Friday, November 11, 2011

The tax the unelected are desperate to have

Another guest post today, this one by Greg Browne. The topic of the "Robin Hood Tax" is one which keeps coming back and it seems like good time to give it an airing. You can tax the banks all you like but it is always we who pay, one way or another, as Greg points out...

The Financial Transaction Tax (FTT), Tobin or Robin Hood Tax, what ever you want to call it, is gaining more and more supporters. However few seem to be commenting on the real reason that would be world leaders are pushing for this tax. Of course, in 2005 Dr North, told us that similar moves were “in effect a proto-European tax, the Holy Grail of the integrationalists, who see such a move as the ultimate answer to their liberation from perpetual reliance on member states for funding”. The FTT does promise much, such as:

A tax to overcome the perceived lack of an adequate insurance facility for the global economy, according to the IMF. A new global authority, based on the 'international common good' rather than on 'individual national interest'. The Oct. 24 publication of a 20-page document by the Pontifical Council for Justice and Peace advocated this.

The Roman Church's stance followed from its 2009 “encyclical letter caritas in veritate” in which the pope stated:

Para 67. In the face of the unrelenting growth of global interdependence, there is a strongly felt need, even in the midst of a global recession, for a reform of the United Nations Organization, and likewise of economic institutions and international finance, so that the concept of the family of nations can acquire real teeth. (My emphasis)

Which is surprising since in 1920, in the encyclical, Bonum Sane Pope Benedict XV warned:
"The coming of a world state is longed for, by all the worst and most distorted elements. This state, based on the principles of absolute equality of men and a community of possessions, would banish all national loyalties. In it no acknowledgement would be made of the authority of a father over his children, or of God over human society. If these ideas are put into practice, there will inevitably follow a reign of unheard-of terror."

Infallibility is temporary, or so it seems.

Fidel Castro, from his 2001 speech to the U.N. World Conference on Racism summed up the feelings of many on the left.

[He] “advocated the Tobin Tax specifically in order to generate U.S. financial reparations to the rest of the world. He declared that "the tax suggested by Nobel Prize Laureate James Tobin" should be imposed in order to generate "one trillion US dollars annually to save and develop the world."
The IMF, with the UN in the background, began to see the opportunities and started to get involved in this great revenue raising scheme. At the 2009 Pittsburgh meeting of the G20 the truth began to emerge, according to aim.org:
The "Leader's Statement" endorsed by President Obama and released at the event declares on page 10 that "We task the IMF to prepare a report for our next meeting with regard to the range of options countries have adopted or are considering as to how the financial sector could make a fair and substantial contribution toward paying for any burdens associated with government interventions to repair the banking system."
The term "fair and substantial contribution" is code for a global tax.
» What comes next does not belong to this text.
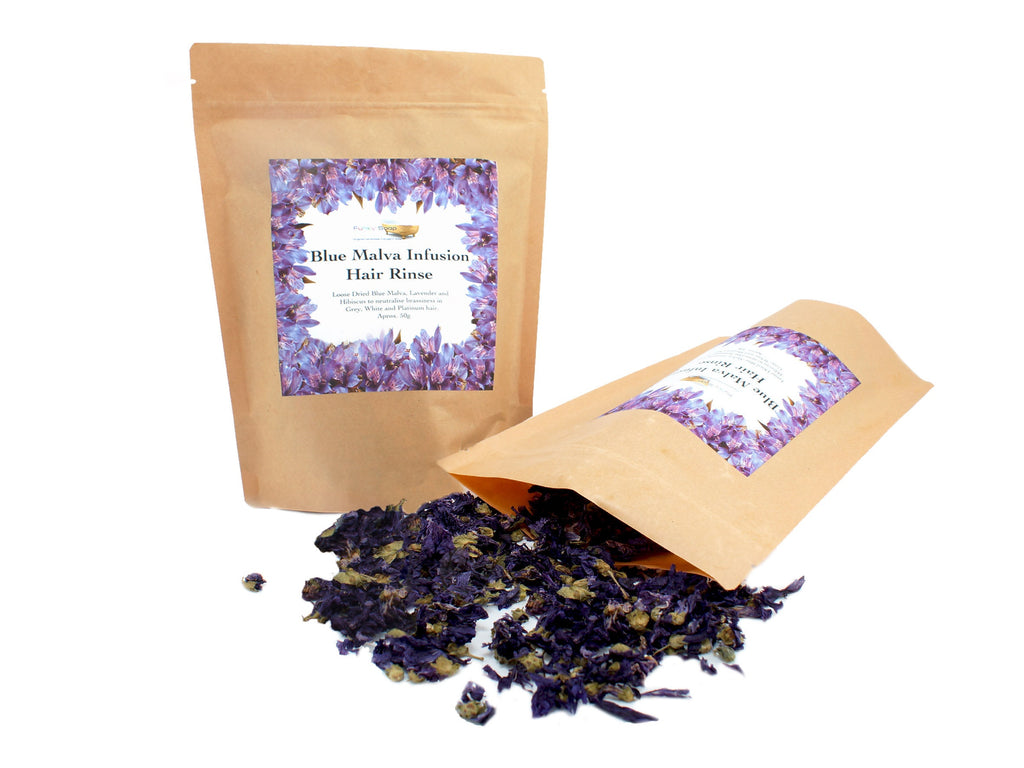 Blue Malva Infusion Hair Rinse for Grey, White and Platinum Hair, Loose Dried Flowers 50g - Funky Soap Shop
Other misleading terms for global taxes include "innovative sources of finance" and "Solidarity Levies."

By 2010, the IMF had started drawing up plans:

The IMF is set to propose new taxes on global financial institutions. The double-tax plan, which was leaked in Washington yesterday, proposes one levy, a Financial Stability Contribution (FSC), to fund any future government support, and another, a Financial Activities Tax (FAT), that will place a tax on the profits and pay at financial institutions. ... "The recognition that banks should make a contribution to the society in which they operate is right," said Alistair Darling. "Any agreement has to be international and that unilateral attempts would simply risk being undermined."

But back to the real reason that this tax is so 'popular'. As Bruno Waterfield, reminded us in June in his article £3 billion a year in 'stealth taxes' to be levied on Britain:

Janusz Lewandowski, the European budget commissioner, wants tax raising powers to shift EU funding from national government transfers to EU-wide taxation on energy, travel or banking. "I have as an objective a future budget being fed two thirds, 66 per cent by member state contributions, and own resources, one third, or 33 per cent,"

Like Lewandowski, the unelected in regional or global governance positions must find a way to generate revenue that is not at the whim of nation states to withhold, or as Lewandowski put it euphemistically, "We want to make it less politicised" and as Dr North put it in 2009:

One of the restrictions against which the "colleagues" in Brussels chafe is the need always to go cap-in-hand to the member states for their funding. As long as the purse-strings are held in this way, the member states at least have some control over the wilder ambitions of the project.

The FTT, FAT or whatever you want to call it, can be levied by the UN, IMF or EU or all three and suddenly the cries of No Taxation Without Representation begin to strike home in a meaningful way. Of course, these taxes will be minuscule to start with, but once the principle is established and the mechanisms are in place, what is to stop other innovative taxes being imposed and slowly ratcheted up. But, of course, it will be all for the common good of mankind, wont it? The FTT is only an opportunity for the financial sector to repay the global community for all the benefits it has accrued in all these years of globalisation.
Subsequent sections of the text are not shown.